Struggles with mental health and a sense of wanting more led Gabriel from New York to Philadelphia then on to the Golden State where the likes of Benny Blanco and Imad Royal voiced approval for his seamless blend of emo and hip hop, the latter offering him a job. “I became their intern as a way to learn the music business and to meet people. It was best experience I could have asked for” says Gabriel. Alas, another bout of self-doubt settled in leading our young hero to Monterey, California where isolation and boredom led him to creating some of his greatest work.
“Monterey is this little coastal town, it's actually pretty beautiful. I had one friend there and I’d go out to bars with him like once a week. Other than that, I would just stay in the house all the time” he explains “I don’t know what it was but when I was in Monterey I started to make all this music. It was the most efficient and crazy musical and creative time of my life.”
Whilst there Gabriel wrote “sad boy”, a song as diverse sonically as the cities it’s writer has resided.
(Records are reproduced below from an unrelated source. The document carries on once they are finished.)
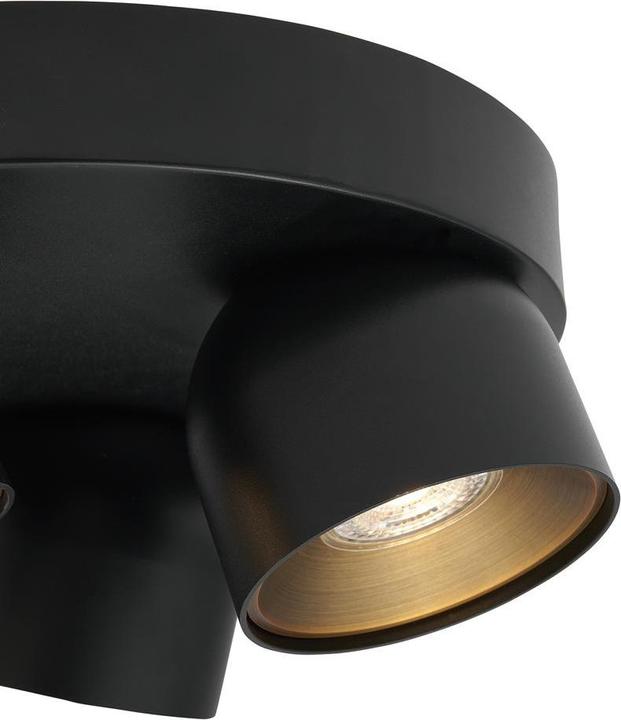 Image du produit Nordlux Pitcher (GU10)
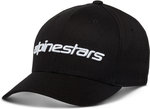 Alpinestars Linear Tapa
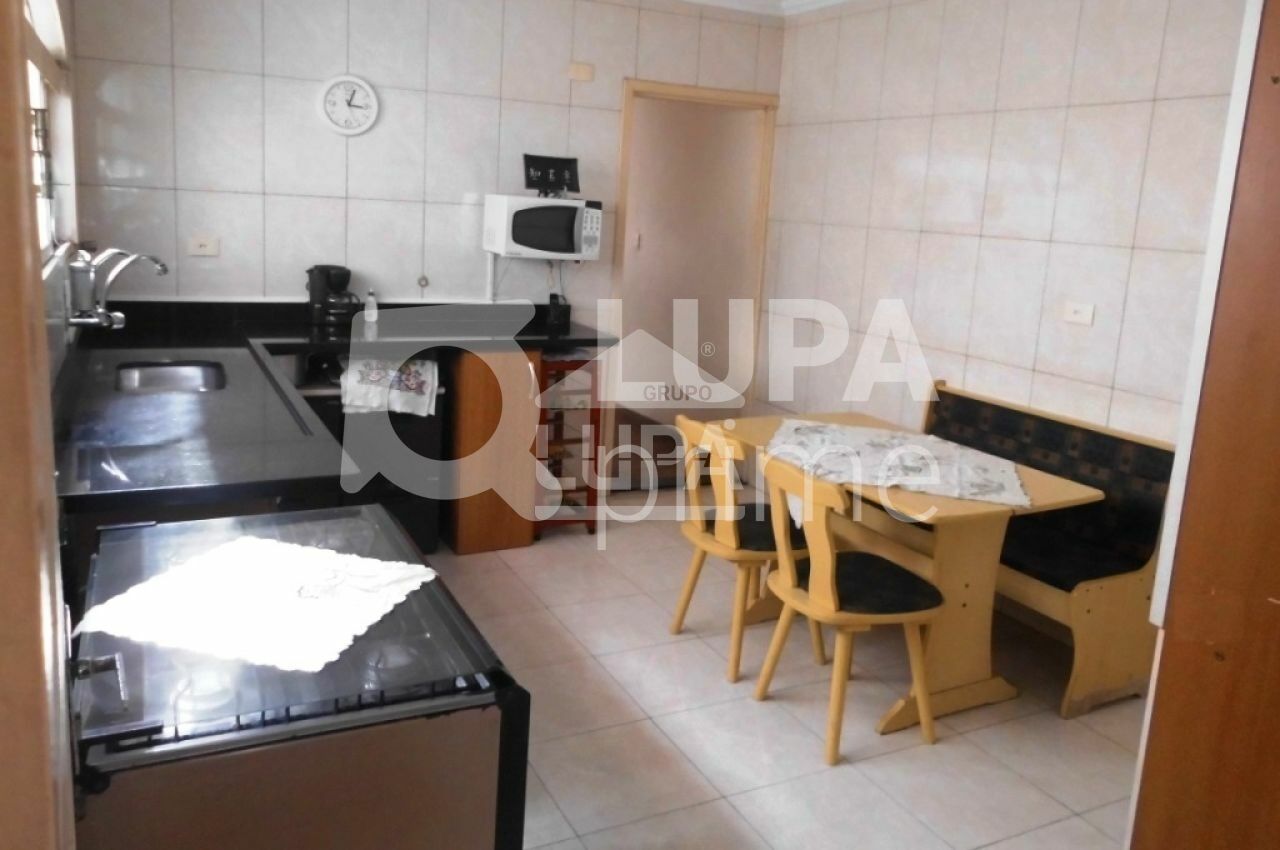 sobrado-venda-sao-paulo-tremembe-3dormitorios-1suite-2vagas-190m2-LS42727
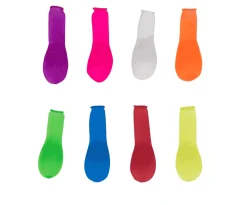 Bomba de Agua X-Shot con 250 Globos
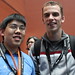 Kenneth Cory Photo 12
The sound draws on everything from emo to hip hop, from Kid Cudi to Red Hot Chili Peppers, all bound together by Gabriel’s distinctive vocal tone and sparse production. This theme entrenched in simplicity runs through all his offerings from the eerie falsetto of “Pine Trees” to the face melting guitar solo in “Freedom”.
“I made ‘Sad Boy’ and the hook was a freestyle and I just kept it and I called my mum right after I recorded it and told her “this song is going to mean something to me, it’s going to do something.”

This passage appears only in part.